[GRASS-dev] how to work around "Arument list too long" error in a GRASS python script ?

Hello,

In a python script I have the following call:

grass.run_command('r.series',
                    input = rate_maps,
                    output = sum_rates,
                    method = 'sum',
                    overwrite = True,
                    quiet=True)

rate_maps is a list which in one instance contains 8559 map names, leading to an "OSError: [Errno 7] Argument list too long".

I know that in the shell I could use xargs to work around such a problem. But how to do this in python ?

I could obviously loop through all maps and thus sum them individually, but this just seems horribly inefficient.

Does anyone have a better solution ?

Moritz

* Moritz Lennert <mlennert@club.worldonline.be> [2015-06-11 18:37:36 +0200]:

Hello,

In a python script I have the following call:

grass.run_command('r.series',
                    input = rate_maps,
                    output = sum_rates,
                    method = 'sum',
                    overwrite = True,
                    quiet=True)

rate_maps is a list which in one instance contains 8559 map names,
leading to an "OSError: [Errno 7] Argument list too long".

I know that in the shell I could use xargs to work around such a
problem. But how to do this in python ?

What it the OS limit for it?

I could obviously loop through all maps and thus sum them individually,
but this just seems horribly inefficient.

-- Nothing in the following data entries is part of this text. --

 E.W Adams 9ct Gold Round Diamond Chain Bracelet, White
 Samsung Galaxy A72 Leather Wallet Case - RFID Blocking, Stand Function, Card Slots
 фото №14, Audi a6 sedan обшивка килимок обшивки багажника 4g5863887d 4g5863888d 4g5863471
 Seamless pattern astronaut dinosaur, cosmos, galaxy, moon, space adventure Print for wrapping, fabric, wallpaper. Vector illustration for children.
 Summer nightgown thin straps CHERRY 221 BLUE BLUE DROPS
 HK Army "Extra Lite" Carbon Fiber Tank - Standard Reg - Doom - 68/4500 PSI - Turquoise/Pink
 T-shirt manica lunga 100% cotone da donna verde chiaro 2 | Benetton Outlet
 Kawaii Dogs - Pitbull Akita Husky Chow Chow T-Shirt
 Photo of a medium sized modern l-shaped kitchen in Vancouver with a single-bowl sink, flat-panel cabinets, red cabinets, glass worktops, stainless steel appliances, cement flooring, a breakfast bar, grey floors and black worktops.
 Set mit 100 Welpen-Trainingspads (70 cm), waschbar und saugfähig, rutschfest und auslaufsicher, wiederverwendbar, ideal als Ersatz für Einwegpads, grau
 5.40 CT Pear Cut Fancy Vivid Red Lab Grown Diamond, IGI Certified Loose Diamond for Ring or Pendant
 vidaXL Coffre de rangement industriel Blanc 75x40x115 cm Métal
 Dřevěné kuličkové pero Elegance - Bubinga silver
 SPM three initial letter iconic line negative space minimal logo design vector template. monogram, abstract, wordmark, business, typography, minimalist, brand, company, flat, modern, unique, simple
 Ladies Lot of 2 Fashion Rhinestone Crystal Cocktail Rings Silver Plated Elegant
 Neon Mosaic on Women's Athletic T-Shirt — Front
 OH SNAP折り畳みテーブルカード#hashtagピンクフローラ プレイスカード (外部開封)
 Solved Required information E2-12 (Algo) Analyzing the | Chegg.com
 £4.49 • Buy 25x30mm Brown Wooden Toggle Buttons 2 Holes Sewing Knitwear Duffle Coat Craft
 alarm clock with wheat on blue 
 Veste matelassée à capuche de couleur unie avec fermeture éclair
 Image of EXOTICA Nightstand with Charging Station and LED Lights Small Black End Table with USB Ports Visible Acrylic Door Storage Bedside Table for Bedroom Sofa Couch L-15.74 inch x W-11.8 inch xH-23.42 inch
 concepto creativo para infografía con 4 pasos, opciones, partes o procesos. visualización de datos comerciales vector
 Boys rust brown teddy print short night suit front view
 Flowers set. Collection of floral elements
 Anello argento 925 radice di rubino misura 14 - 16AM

Does anyone have a better solution ?

- Maybe split in two or three sessions (instead of looping over all)?
- Have you seen this
<https://gist.github.com/max-nova/487a82de00651a33f2c2#file-grass_demo-py-L28&gt;

Nikos

On Thu, Jun 11, 2015 at 12:37 PM, Moritz Lennert <
mlennert@club.worldonline.be> wrote:

Hello,

In a python script I have the following call:

grass.run_command('r.series',
                   input = rate_maps,
                   output = sum_rates,
                   method = 'sum',
                   overwrite = True,
                   quiet=True)

rate_maps is a list which in one instance contains 8559 map names, leading
to an "OSError: [Errno 7] Argument list too long".

I know that in the shell I could use xargs to work around such a problem.
But how to do this in python ?

I could obviously loop through all maps and thus sum them individually,
but this just seems horribly inefficient.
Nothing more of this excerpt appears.